Given data:
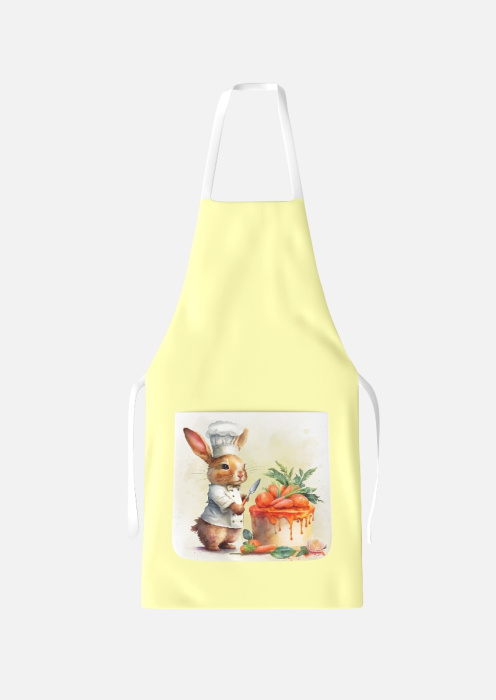 Easter Chef Bunny Yellow Apron with Pocket / AW28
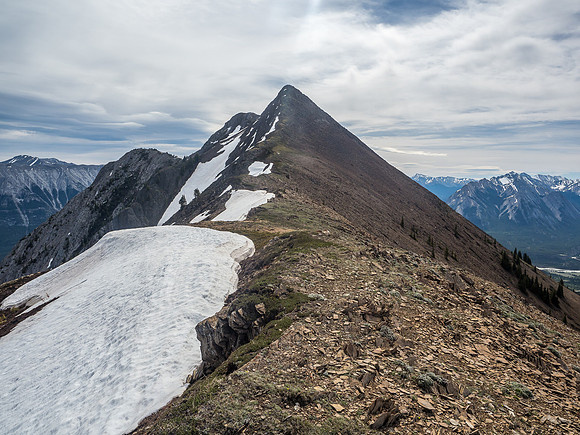 A surreal view back to the summit of Ernest Ross from the west - I think this looks like a peak in Iceland.
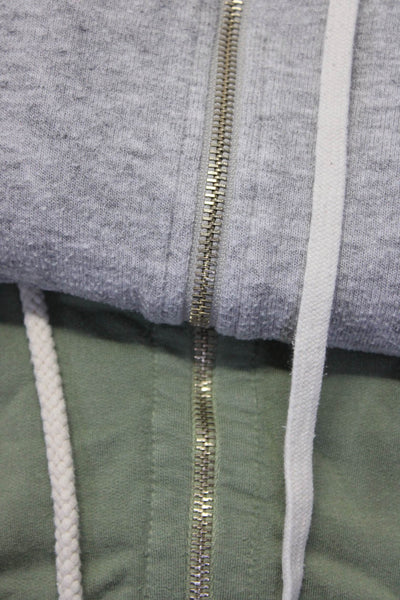 Sundry Women's Hood Long Sleeves Full Zip Sweatshirt Gray Green Size 1 Lot 2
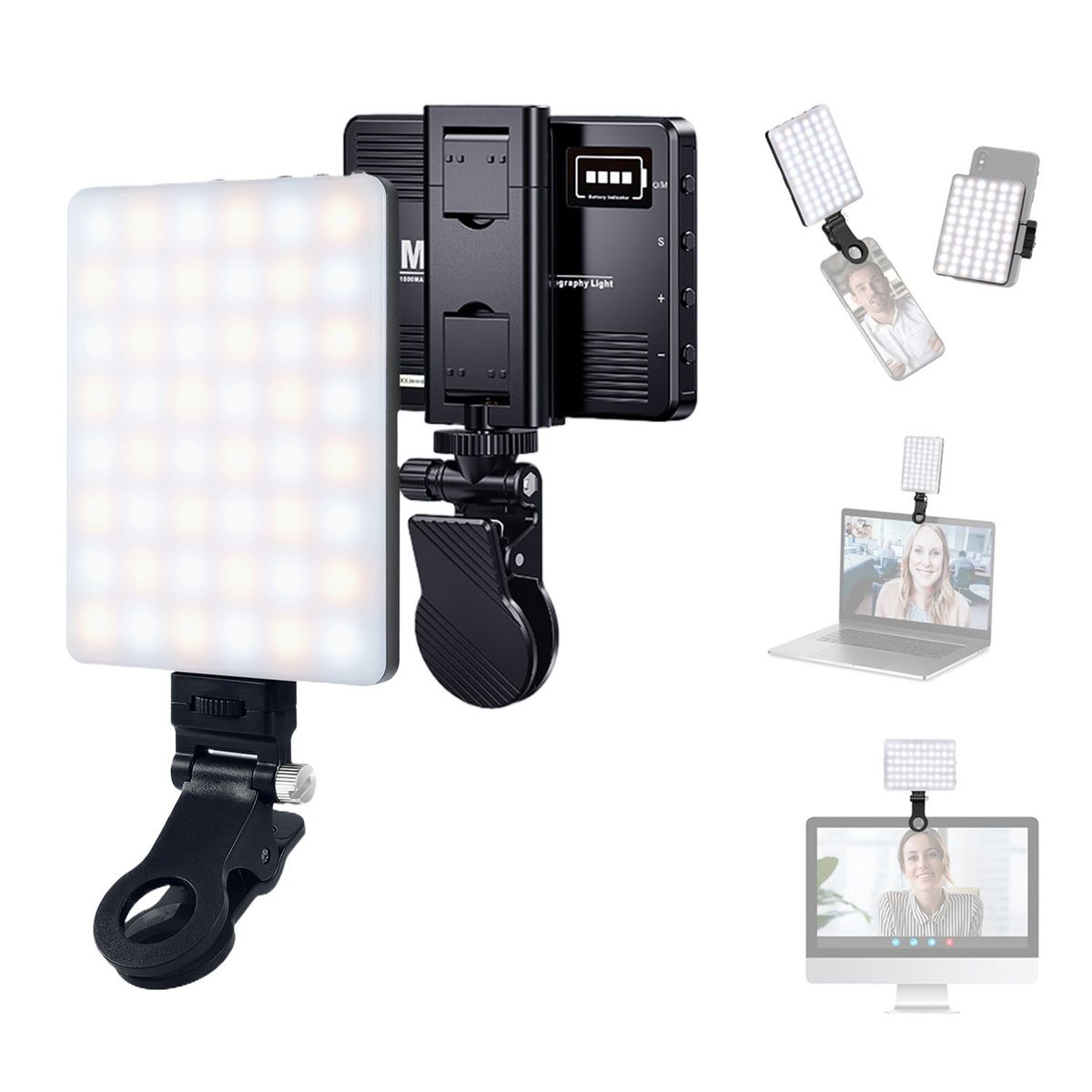 AZULAMAR - Led Luz De Video Selfie Luz Clip P/ 16 pro Max S24 S23 Celular Macbook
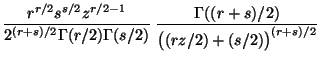 $\displaystyle \frac{r^{r/2}s^{s/2}z^{r/2-1}}{2^{(r+s)/2}\Gamma(r/2)\Gamma(s/2)}\;
\frac{\Gamma((r+s)/2)}{\bigl((rz/2)+(s/2)\bigr)^{(r+s)/2}}$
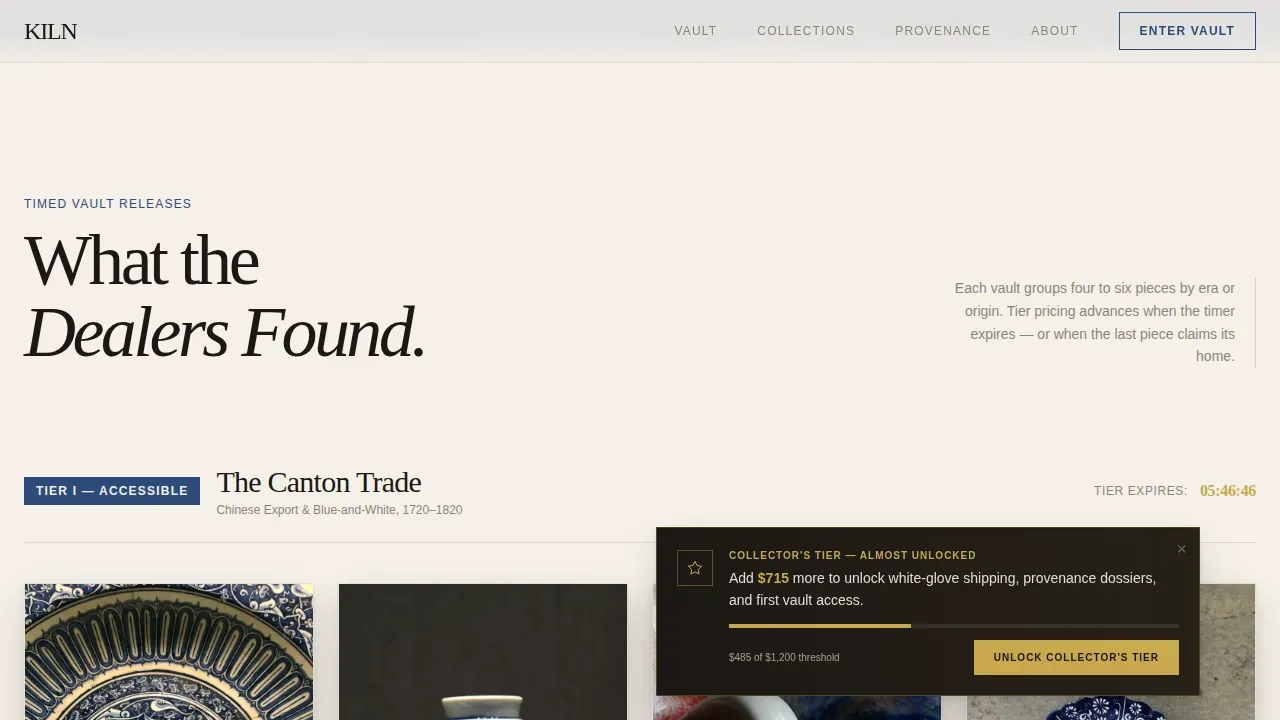 Curated Antique Pottery Landing Page Template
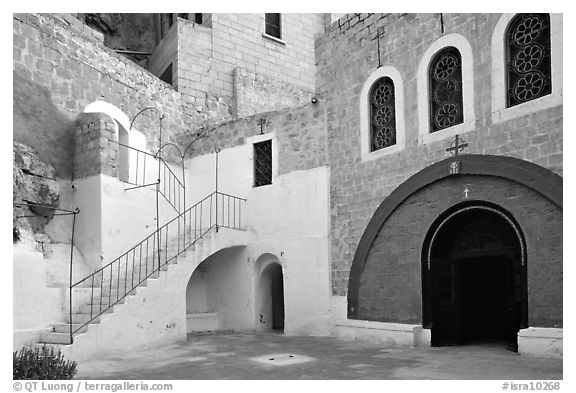 Courtyard inside the Mar Saba Monastery. West Bank, Occupied Territories (Israel) (black and white)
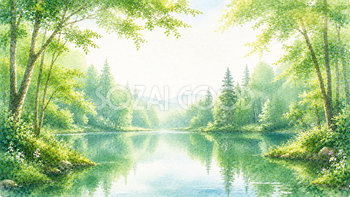 森の湖 森林浴・癒やし背景【無料・高画質PNG】93268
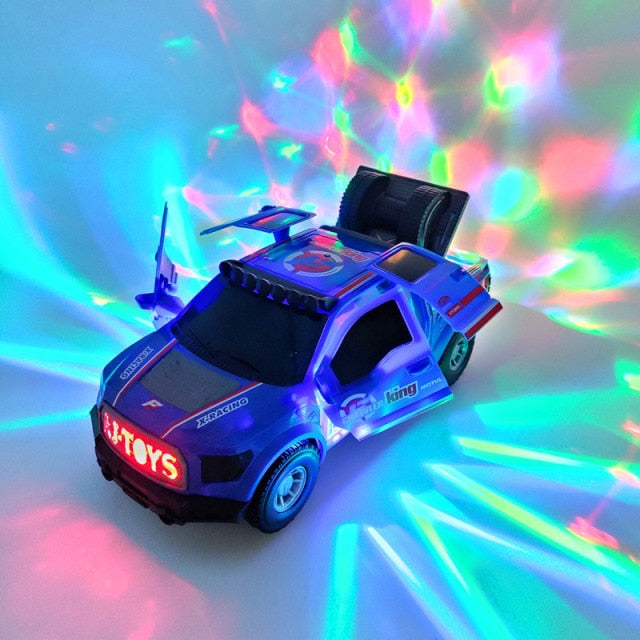 Electric dancing deformation rotating universal police car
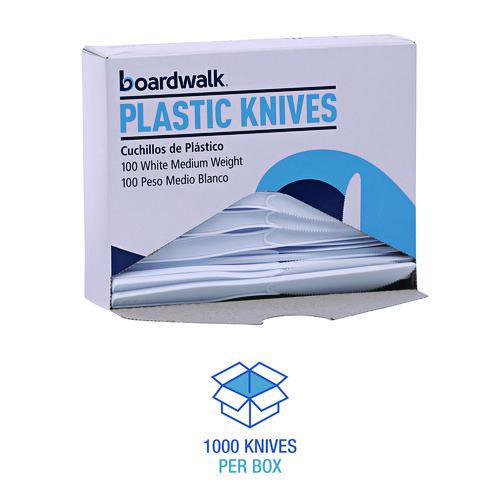 Image of Boardwalk® BWK KNIFEMWPS Mediumweight Polystyrene Cutlery, Knife, Plastic, White, 100/Box, 10 Boxes/Carton
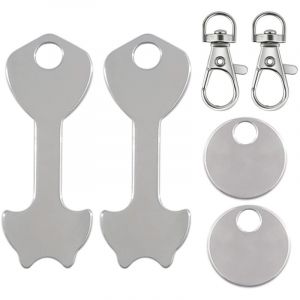 2 Set Porte-Cl&eacute;s Jeton de Caddie, Cl&eacute; &agrave; Puce pour Panier D'achat, CL&eacute; en Forme de Jeton pour Caddie en Acier Inoxydable, Panier D'Achat Amovible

What the exercise asks:
I would like you to set down the lines above, from the one containing "Electric dancing deformation" to the final line, exactly as written and without pictures.

Answer area:
 Electric dancing deformation rotating universal police car
 Image of Boardwalk® BWK KNIFEMWPS Mediumweight Polystyrene Cutlery, Knife, Plastic, White, 100/Box, 10 Boxes/Carton
 2 Set Porte-Cl&eacute;s Jeton de Caddie, Cl&eacute; &agrave; Puce pour Panier D'achat, CL&eacute; en Forme de Jeton pour Caddie en Acier Inoxydable, Panier D'Achat Amovible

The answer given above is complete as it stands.